Transactional Catalog

The existing transactional catalog solves several concurrency problems for us by leveraging the existing MVCC semantics of the system. Specifically, many concurrent DDL conflicts (name collisions, modifying the same table, etc.) are solved by our existing write-write and index conflict detection mechanisms. Therefore, the primary challenge we face is managing physical representations of logical elements (compiled functions, etc.) and implicit write-write conflicts (adding an index while another transaction modifies the underlying table).

Lazy DDL at Storage Layer

There was a proof of concept of how to implement this from last spring. However, the implementation has fallen significantly behind the current version of terrier. It was performant enough that it should probably serve as the reference point for implementing DDL at the storage layer, but much of the actual code has been obsoleted. The specific design points to bring forward are:

  1. Fast-path for single version operations (common case)
  2. Header mangling for projections (fast translation between versions)
  3. Partial serialization of transactions (all transactions can be labeled as before or after a given DDL change)
  4. SqlTable applies appropriate default values to "old" tables

Challenges

Add index

The primary challenge on add index is inserting existing data in a way that does not cause spurious failures in concurrent transactions while still ensuring a fully consistent index in the end. This also implies that we should be able to guarantee that the operation will terminate at some point.

Possible solution: The lazy schema change implementation expected a system for forcing arbitrary validation or work during the commit section of a transaction. We may be able to use this to allow concurrent transactions to do forward work during the process.

  • Concurrent Index DDL and Table DDL Since we plan on compiling key-building functions at index creation time, we need to ensure that visible functions are always in lock-step with the visible table.

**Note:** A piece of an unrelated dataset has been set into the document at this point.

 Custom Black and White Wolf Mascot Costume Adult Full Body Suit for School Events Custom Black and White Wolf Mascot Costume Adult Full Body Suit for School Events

There are two possible solutions: 1) index DDL always grabs a write-lock on the indexed table, and 2) adding a shared-lock mechanism to tables. The first solution is the simplest to implement and leverages existing code the most, but it greatly limits concurrency to one transaction at a time per table (even if only indexes are being modified). The second solution allows more concurrency on indexing at the cost of more logic and checks elsewhere.

Recommend solution (1) since the common case does not include concurrent DDL.

  • Maintaining logical-physical consistency